I believe their look is what attracts people to them. They have different leaf shapes and colors as does anubias. Some of the buces even have a really nice blue shine or white speckled look to them that you would be hard pressed to find in any reasonably priced anubias. In my opinion its all about how they look the price is just based on how rare they are in the hobby. And the price is going down as they become more commonly seen.


----------



## Kehy (Feb 5, 2012)

I think the key is that they're a rare, expensive, _shiny_ anubias.


----------



## Possumburg (May 12, 2014)

Well, for me, I think they are beautiful. I really like anubias, and these are similar and some have amazing colors. They are super easy from what I've read and don't really require any special treatment. As for price, they seem to be getting more affordable all the time. But I suppose it's all in the eye of the beholder. I like em and plan on getting some. Is it really any different than spending massive amounts of money on a co2 system to keep a cheap plant happy? Seems like it all evens out in the long run.

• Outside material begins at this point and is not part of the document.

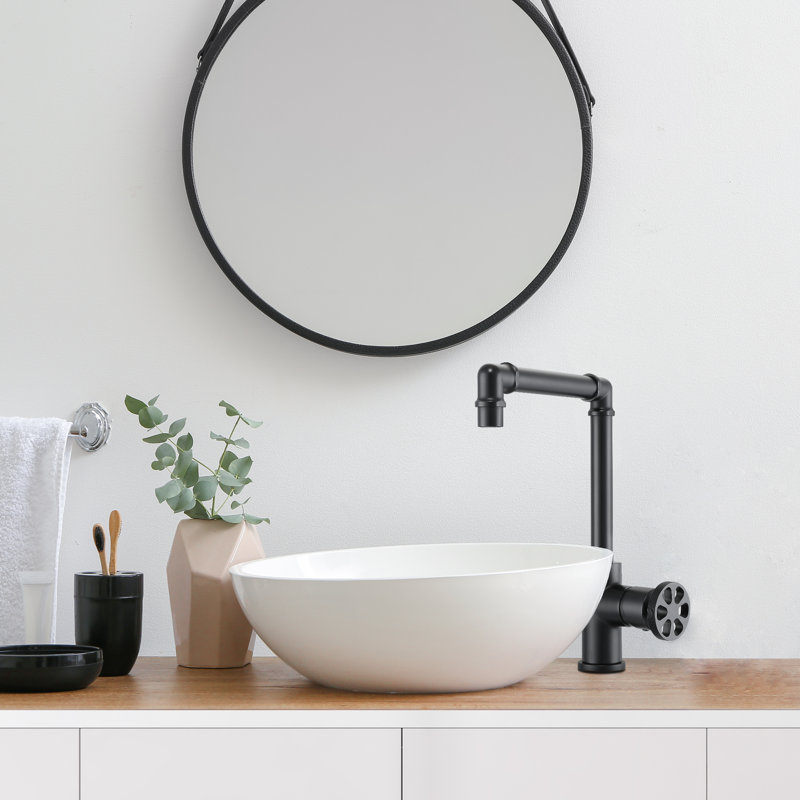 Matte Black Industrial Single Handle High Arc Bathroom Faucet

Sent from my iPad using Tapatalk


----------



## samee (Oct 14, 2011)

They are similar looking to anabuis and we need more low light plants like these. The only buce I like are the thin, long leafed ones. If they have streaks of brown and different shades of green then thats a bonus. Ive been thinking of buying one but just dont have the space and am waiting for them to drop to $10 to $15 level (for the thin, long leafed one).


----------



## mistergreen (Dec 9, 2006)

They're the hot new thing. It'll wain. 


Sent from my iPad using Tapatalk HD


----------



## aquarist (Aug 29, 2012)

There have been several threads about them recently and seeing more and more people selling them, so it just seems they are the new fad plant right now, look at how Alternathera Reineckii Cardinals, and "mini" took off about a month ago, people were actually paying $50 a stem!! The majority of a plant price comes from two factors, how hard it is to get into the country, and how fast it grows. Some of the "rare" plants aren't rare at all, they are just hard to get out of their native countries, and some of them don't ship well. The biggest factor in price it seems is the rate of growth, if it takes a plant an entire year to produce one plantlet it will cost more for that plantlet than it will for a stem plant and you can trim once a month.


----------



## HybridHerp (May 24, 2012)

I didn't really care for buce when they came out. Honestly, I can't even tell the difference between 90% of the varieties. However, I bought a brownie red to try out, and I will concede that it is a very attractive looking plant.

Its nice to have a plant that can attach to hardscape that is not green in color, as african fern, anubias, and java fern are, and they do have a rather attractive sheen to them. They also come in different sizes, colors, and leaf shapes, which seems to make them very versatile.

However, they are pretty damn expensive, and even though the price is coming down, its not like stem plants where they grow super fast and super large and propagate easily. These guys will probably hold their value for a few years given their growth speed and all.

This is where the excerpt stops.